犯罪の嫌疑をかけられている者であっても,有罪判決が確定するまでは,罪を犯していない人として扱われなければならないとする原則です。
この原則により,勾留されている被告人であっても,できる限りその身体拘束は避けられなければならないとの結論が導かれます。
また,そもそも自由の拘束は,甚大な人権侵害であるため,手続き上必要な場合があるとしても,これを原則とすることは許されず,これを補完する方法があれば回避すべきであるとされています(市民的及び政治的権利に関する国際規約【B規約】9条3項)。
そこで,法は,前記趣旨を具現化するために,起訴後の長期間に亘る身体拘束から解放する制度を設けました。
この起訴後勾留から被告人を暫定的に解放する制度,それが保釈です。
小難しく言うと,保釈とは,観念的には勾留を維持しながら,保釈金・保釈条件を課した上で,被告人を暫定的に起訴後勾留から解放(釈放)する制度です。

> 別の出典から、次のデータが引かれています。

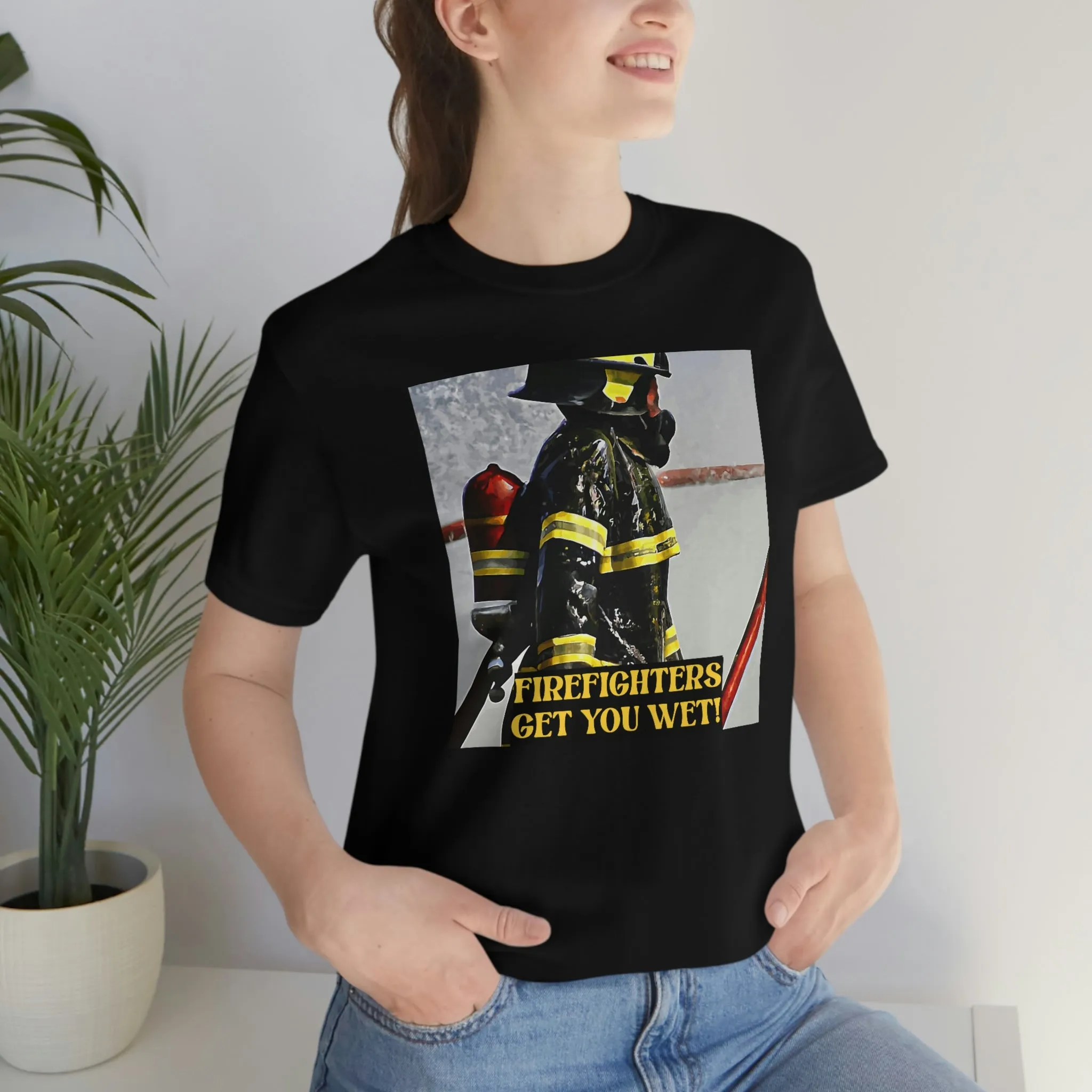 Firefighters Get You Wet! Short Sleeve Tee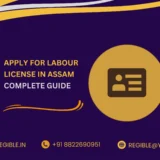 How to Apply for a Labour License in Guwahati Assam: 2025 Complete Guide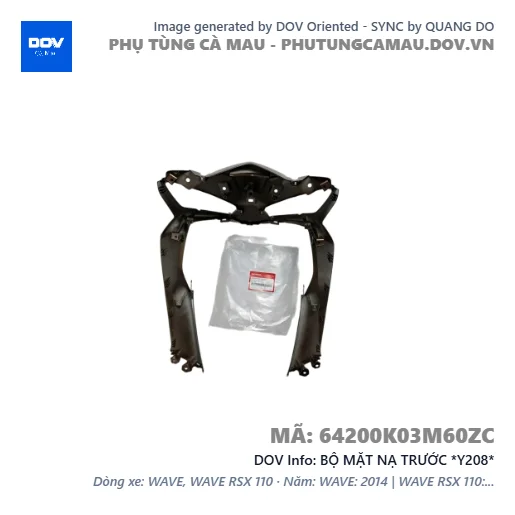 BỘ MẶT NẠ TRƯỚC *Y208* — 64200K03M60ZC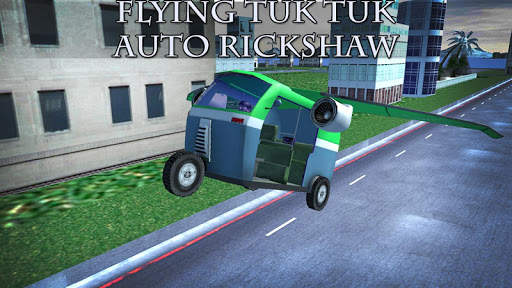 Flying Tuk Tuk Auto Rickshaw screenshot 1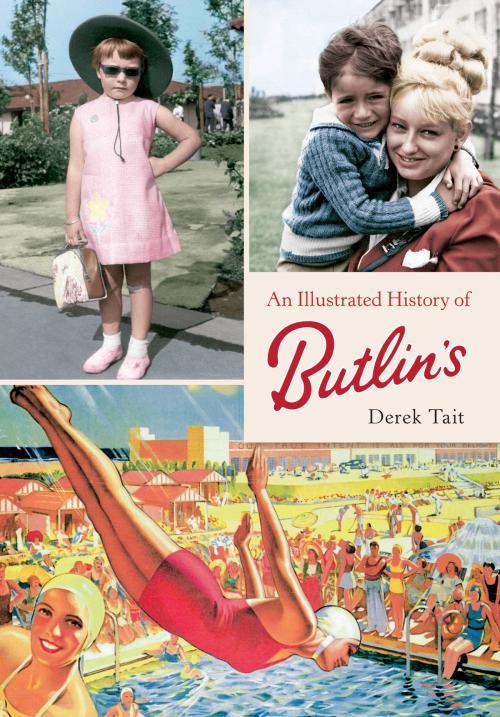 Cover of the book An Illustrated History of Butlins by Derek Tait, Amberley Publishing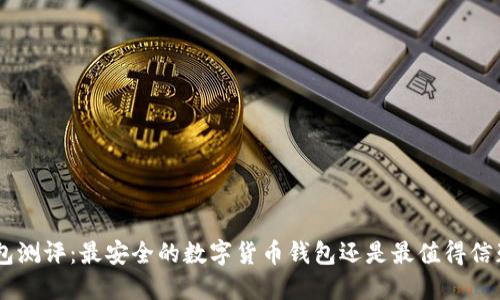 Tokenim钱包测评:最安全的数字货币钱包还是最值得信赖的选择吗?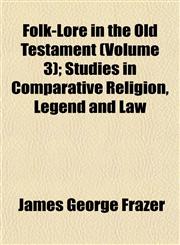 Folk-Lore in the Old Testament (Volume 3); Studies in Comparative Religion, Legend and Law,115282743X,9781152827431
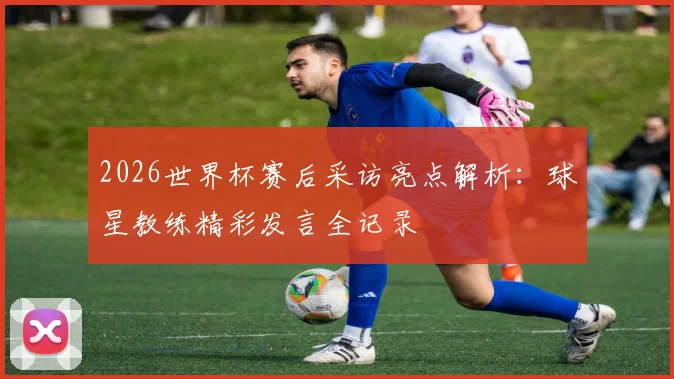 2026世界杯赛后采访亮点解析：球星教练精彩发言全记录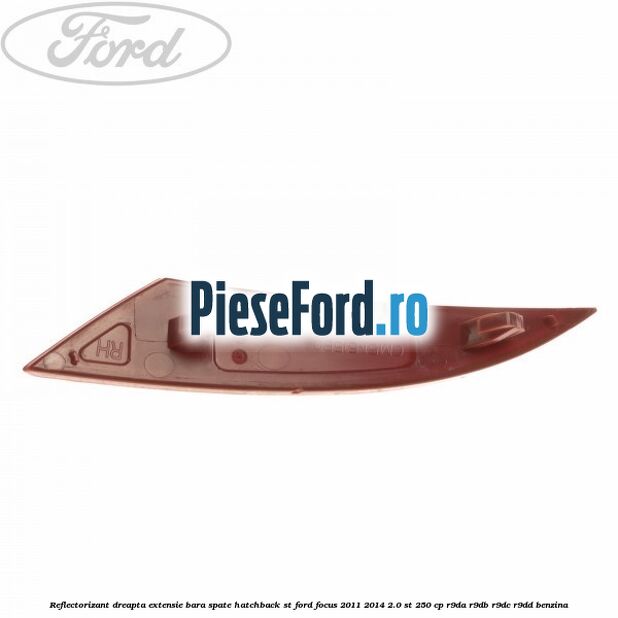 Reflectorizant dreapta extensie bara spate hatchback ST Ford Focus 2011-2014 2.0 ST 250 cp R9DA, R9DB, R9DC, R9DD benzina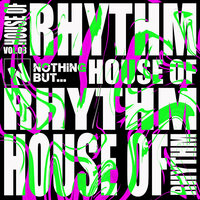 Nothing But... House of Rhythm, Vol. 03
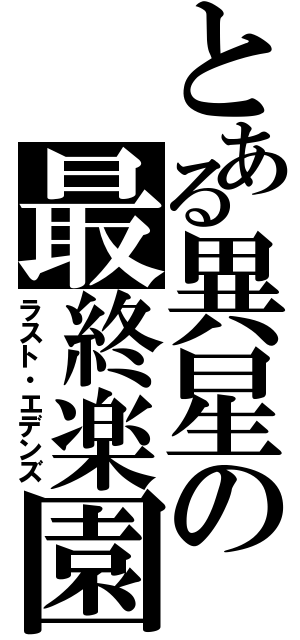 とある異星の最終楽園（ラスト・エデンズ）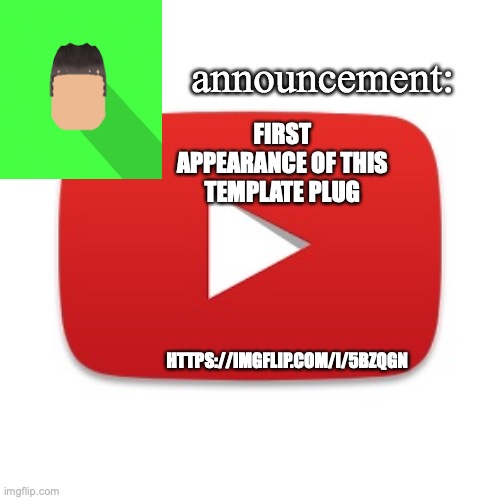 Kyrian247 announcement | FIRST APPEARANCE OF THIS TEMPLATE PLUG; HTTPS://IMGFLIP.COM/I/5BZQGN | image tagged in kyrian247 announcement | made w/ Imgflip meme maker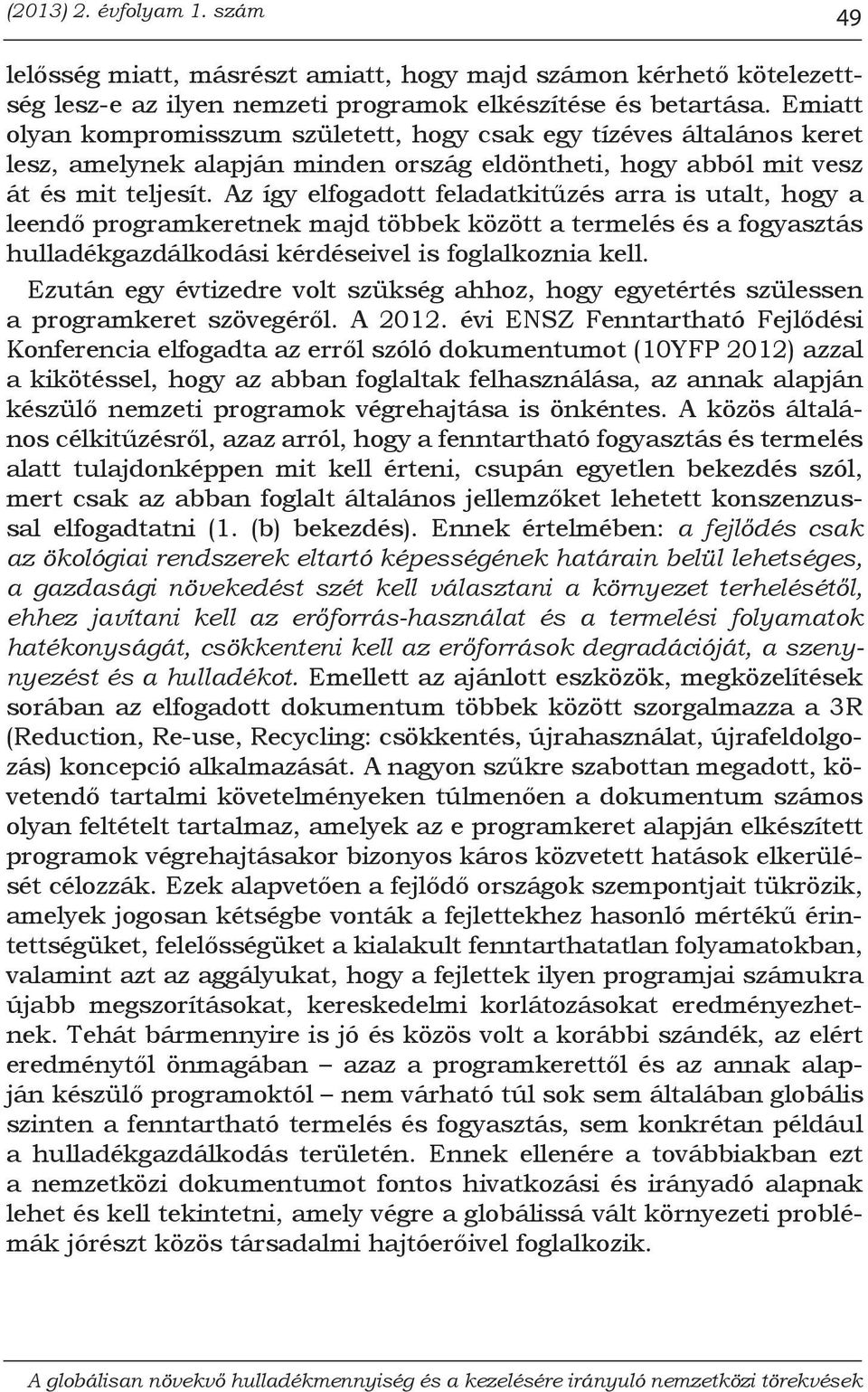 Az így elfogadott feladatkitűzés arra is utalt, hogy a leendő programkeretnek majd többek között a termelés és a fogyasztás hulladékgazdálkodási kérdéseivel is foglalkoznia kell.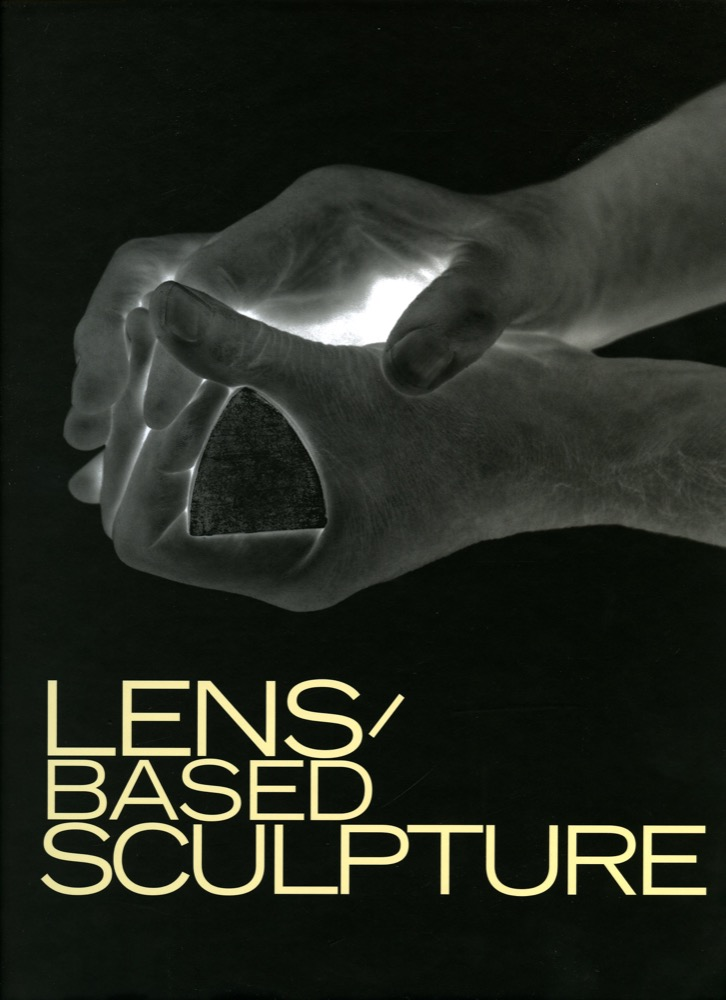 Lens-Based Sculpture. The transformation of Sculpture through Photography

他方で,逮捕・起訴前勾留には,保釈制度はありません(刑事訴訟法207条1項)。23日間という短い期間中に保釈を制度として成り立たせるには短すぎると考えられているためなのだとは思うのですが,まだまだ議論の余地がある問題ではないかと思います。
保釈の種類
権利保釈
起訴後勾留というのは,被告人が逃亡することなく裁判所に出頭することを確保するための制度です(捜査機関は,これに加えて罪証隠滅の防止の趣旨もあると考えていますが,弁護士の立場からは同意できません。)。
そこで,前記制度趣旨に鑑みると,保釈請求権者から保釈請求があれば(刑事訴訟法88条),これを許さなければならないのが原則です(刑事訴訟法89条,権利保釈,必要的保釈の原則)。
もっとも,無条件に保釈が認められてしまうとすると,起訴後勾留の意味が形骸化してしまう可能性があります。
そこで,法律上,刑事訴訟法89条1項各号に該当する場合は例外として保釈を認めないことができるとしています。
刑事訴訟法89条 保釈の請求があつたときは、次の場合を除いては、これを許さなければならない。 ① 被告人が死刑又は無期若しくは短期一年以上の懲役若しくは禁錮に当たる罪を犯したものであるとき。 ② 被告人が前に死刑又は無期若しくは長期十年を超える懲役若しくは禁錮に当たる罪につき有罪の宣告を受けたことがあるとき。 ③ 被告人が常習として長期三年以上の懲役又は禁錮に当たる罪を犯したものであるとき。 ④ 被告人が罪証を隠滅すると疑うに足りる相当な理由があるとき。 ⑤ 被告人が、被害者その他事件の審判に必要な知識を有すると認められる者若しくはその親族の身体若しくは財産に害を加え又はこれらの者を畏い怖させる行為をすると疑うに足りる相当な理由があるとき。 ⑥ 被告人の氏名又は住居が分からないとき。
この点,前記刑事訴訟法89条1項列挙事由のうち,「罪証を隠滅すると疑うに足りる相当な理由」(刑事訴訟法89条4号)というのがとても厄介で,これがあるがために,否認事件においては,ほとんどの場合に例外が適用されて保釈が認められないという運用がされています。
大きな問題の1つです。
裁量保釈(職権保釈)
前記の権利保釈は,保釈請求権者からの請求があり,かつ刑事訴訟法89条各号に該当しないことが条件となっていましたが,保釈請求権者からの請求がない場合であっても,また同法89条各号に該当する場合であっても,裁判所による職権で被告人を保釈することができるとされています。これを裁量保釈といいます(刑事訴訟法90条)。
義務的保釈
さらに,勾留による拘禁が不当に長くなった場合には,裁判所は被告人を保釈しなければならないとされています。これを義務的保釈といいます(刑事訴訟法91条1項)。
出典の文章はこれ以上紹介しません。